Where the listing shows an image, skip it and output all other material unchanged.

Dataset excerpt START

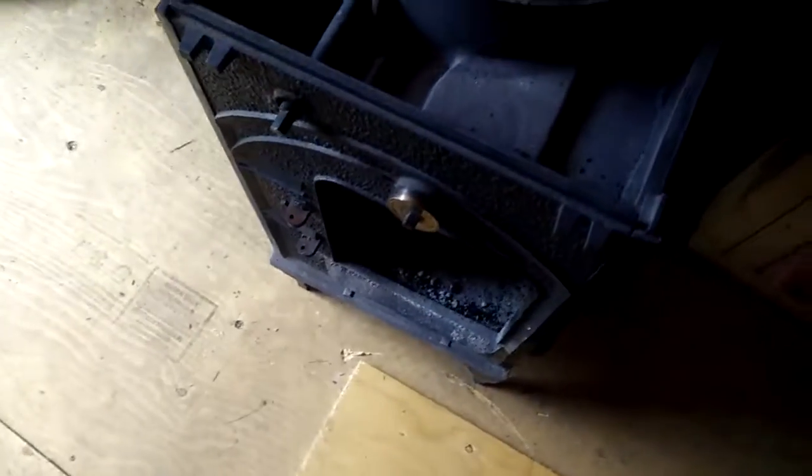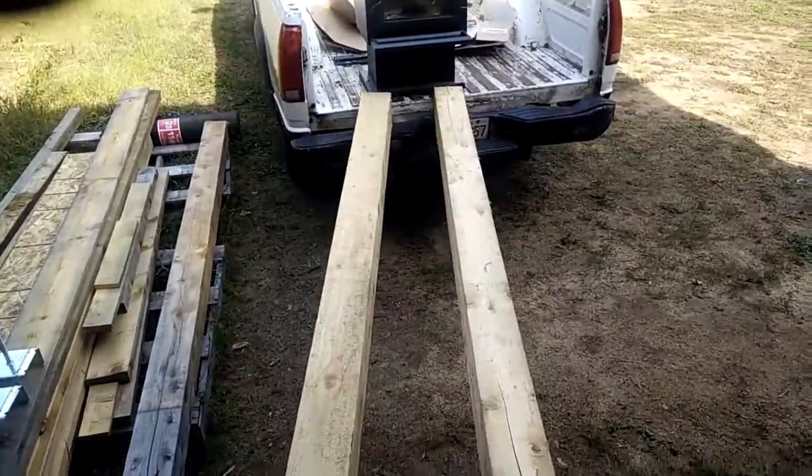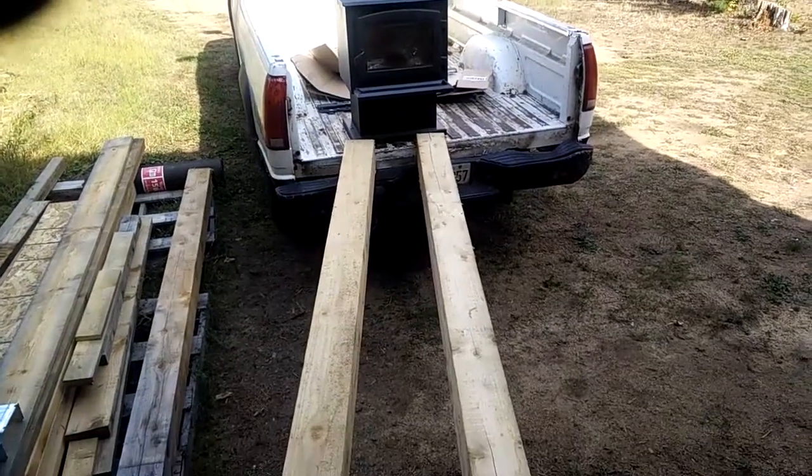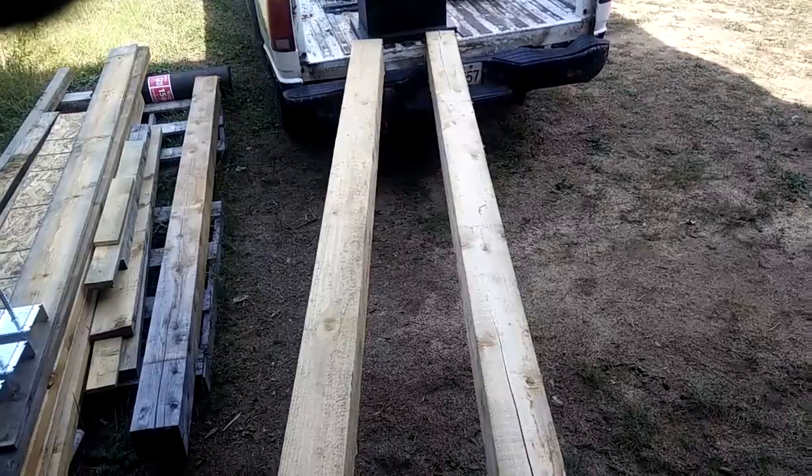Now it's here. Okay, now outside — two 6x6 beams from the back of the truck to the house. And guess how I'm getting the wood stove in. Kitty-corner, kitty-corner, down the 6x6 beams.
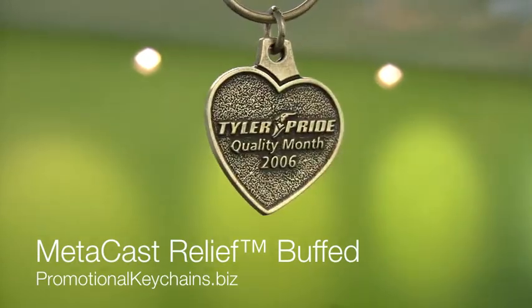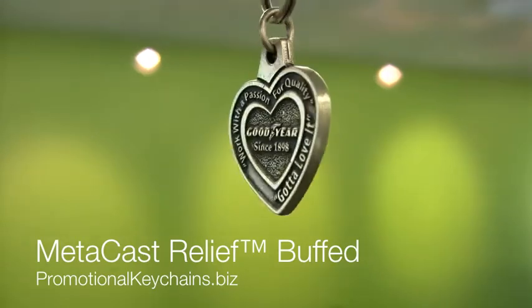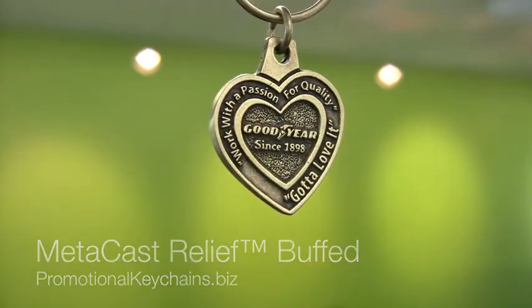Additionally, they are each buffed by hand, providing an elegant looking sheen and a smooth satiny feel to your raised elements.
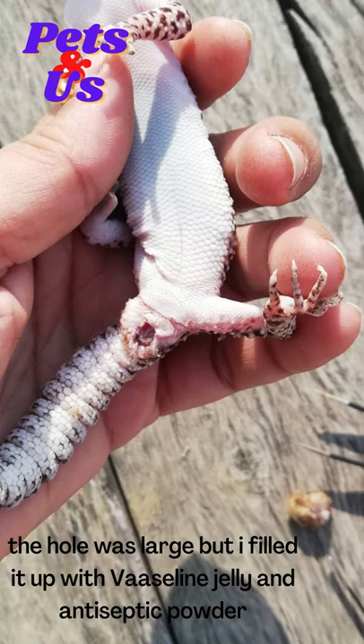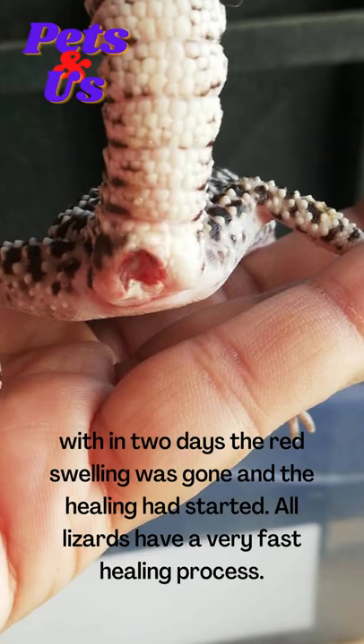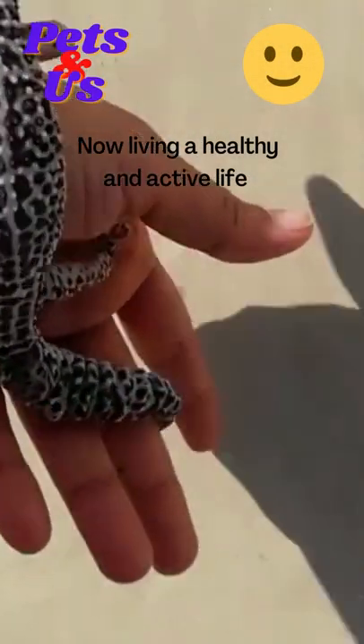The hole was large, but I filled it up with Vaseline jelly and antiseptic powder. Within two days the red swelling was gone and the healing had started. All lizards have a very fast healing process — now living a healthy and active life.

Dataset excerpt END

Answer for the task:
Now it's here. Okay, now outside — two 6x6 beams from the back of the truck to the house. And guess how I'm getting the wood stove in. Kitty-corner, kitty-corner, down the 6x6 beams.
Additionally, they are each buffed by hand, providing an elegant looking sheen and a smooth satiny feel to your raised elements.
The hole was large, but I filled it up with Vaseline jelly and antiseptic powder. Within two days the red swelling was gone and the healing had started. All lizards have a very fast healing process — now living a healthy and active life.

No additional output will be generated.